Wishing everyone a happy New Year!
Being as I'm in the vicinity of Downtown H-glamour, you might expect a bit of glitz and scandal...
Unfortunately, I have no tales of the rich and famous. Instead of hitting the strip, I went out to a friend's ranch where cowboy hats, boots and mud rang in the 12:01am.
The hugest bonfire I have ever seen was fed monstrous logs by forklift as we chatted, drank and danced about beside the bareback bull-riding arena,
and I drummed on a bucket to my beautiful brittle-fingered guitar strummers.
(granted..., my pals couldn't play their guitars, but they sure could fake it, and I played a mean pail, if I do say so myself!... Hey, even the kids and dogs were showing off their hip-thrusting moves!)
The oddest part of the the evening took place when I found myself actively promoting a "Poop Party" with two friends of mine.
"Yeah! I'm gonna go poop! How about you?"
"Oh, I just can't wait! Pooping is so much fun!"
"Yes! I love it too! Let's all fo poop together!"

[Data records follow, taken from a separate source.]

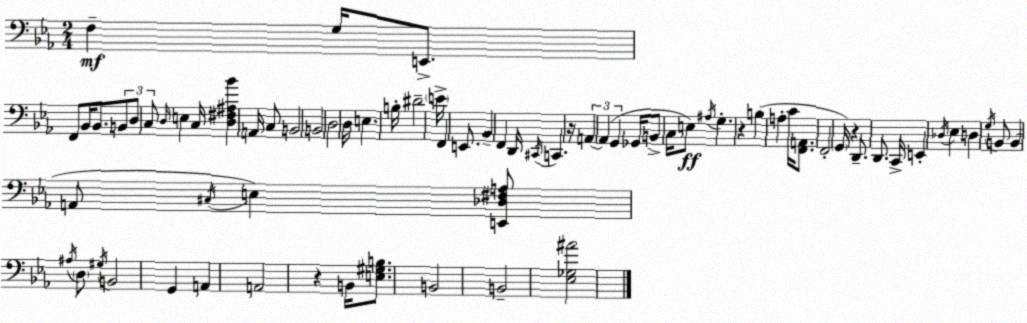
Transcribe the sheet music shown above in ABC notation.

X:1
T:Untitled
M:2/4
L:1/4
K:Cm
F, G,/4 E,,/2 F,,/2 _B,,/4 _B,,/2 B,,/2 D,/2 C,/2 D,/4 E, C,/4 [D,^F,^A,_B] A,,/4 C,/2 B,,2 B,,2 D,2 D,/4 E, B,/4 ^D2 E/4 F,, E,,/2 _B,, F,, D,,/4 ^C,,/4 C,, z/4 A,, A,, G,, _G,,/4 B,,/2 C,/4 E,/2 ^A,/4 G, z B, A, C/4 [F,,A,,]/2 F,,2 G,,/4 z D,,/2 D,,/2 C,,/4 E,, _D,/4 _E, D, G,/4 B,,/2 B,, A,,/2 ^C,/4 E, [E,,_D,^F,A,]/2 ^A,/4 D,/2 ^G,/4 B,,2 G,, A,, A,,2 z B,,/4 [E,^G,B,]/2 B,,2 B,,2 [_E,_G,^A]2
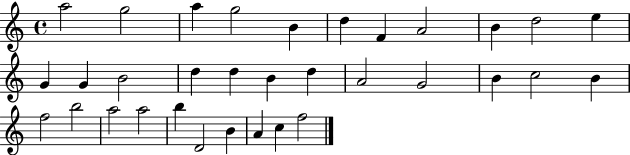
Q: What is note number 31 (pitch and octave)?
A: A4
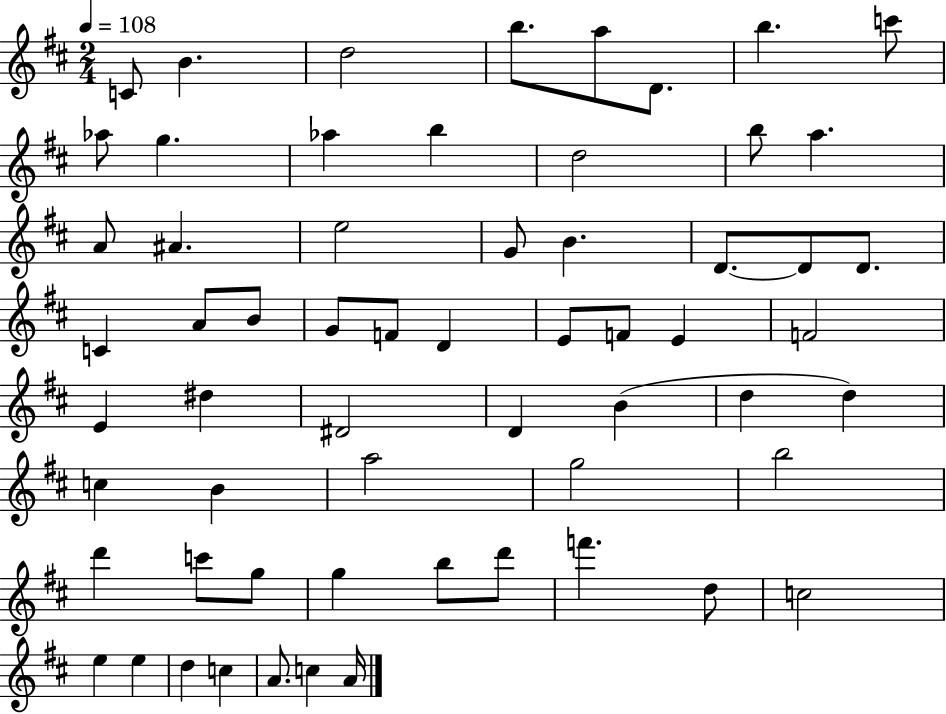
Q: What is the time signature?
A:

"C'mon! Quick! Let's get pooping!"
I know it spoils some of my glamorous and mysteriously seductive appeal, but I have to admit that this wasn't actually as kinky as it sounds... The truth is, my friends and I really had no interest in shitting together. In fact, we all found it a rather fascinatingly disturbing idea...
But, we were restroom-bound with a friend's 13 year old, autistic daughter who hadn't squeezed out a log in over two weeks. This poor girl was deathly frightened of letting a little submarine out through the back hatch and into the sea! So, we did as any altruistic group of committed citizens would do... We planned a nice Poop Party!
Unfortunately, December 31st didn't prove to be the day for dropping digestive missiles...
But, I'm not worried.
I'm sure that the New Year will bring happy defecation to everyone!